Cento chilometri, una mountain bike singlespeed, una traccia gps ed un clima autunnale che mi circonda. Qualche anno addietro sarebbero bastate le prime due per farmi cambiare progetto e farmi decidere per un modo diverso di trascorrere questa uggiosa domenica di fine ottobre. Oggi no, ho appena finito questa edizione e già fantastico sulla prossima.

La singlespeed mi ha cambiato i parametri. Il percorso, se affrontato con una mtb convenzionale, altro non è che un giro lungo e nemmeno eccessivamente impegnativo a livello altimetrico. La stessa traccia, se affrontata con un solo rapporto, diventa un’esperienza, un’avventura. Cos’è la singlespeed quindi? Non lo so, o meglio, non so cos’è per gli altri. So bene cos’è per me invece. La singlespeed è semplificazione e pace.

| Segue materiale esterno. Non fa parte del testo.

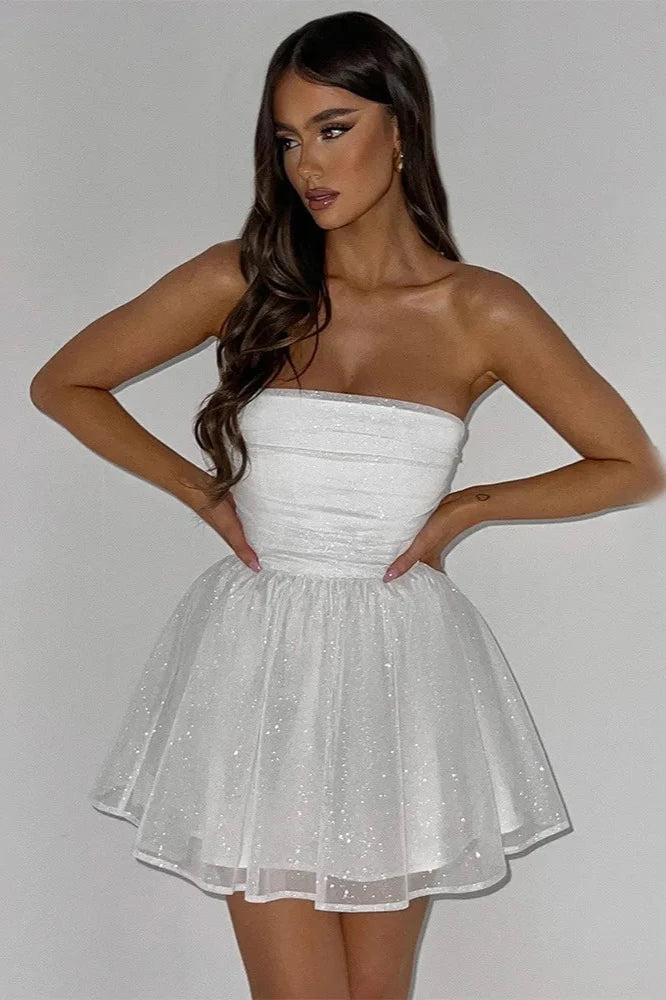 Women’s Black Strapless Glitter Party Dress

Non parlo di semplificazione solo a livello puramente meccanico, è semplificazione mentale. Mezzo spiccio ed affidabile, nudo e crudo, assemblato secondo le proprie caratteristiche ed il proprio gusto estetico. Un solo rapporto, quello c’è e quello usi, punto.
Se la strada sale spingi più forte, se la strada scende lasci correre, se sei nel piattume prendi il tuo ritmo e vai per quanto il rapporto e le gambe ti consentono. Dove non arrivi pedalando, arrivi camminando, spingendo a piedi. Con questo spirito mi ritrovo in una fredda mattina, insieme ad una manciata di compagni di viaggio, ad aspettare la partenza.
Sono le otto ed il via ufficiale viene dato in perfetto orario e nel modo più cristallino da Paolo che è organizzatore, mente e cuore dell’evento.
La procedura di partenza è talmente semplice da lasciare tutti un pò perplessi : Paolo controlla l’orologio ed esclama un perentorio: “sono le otto, io vado”.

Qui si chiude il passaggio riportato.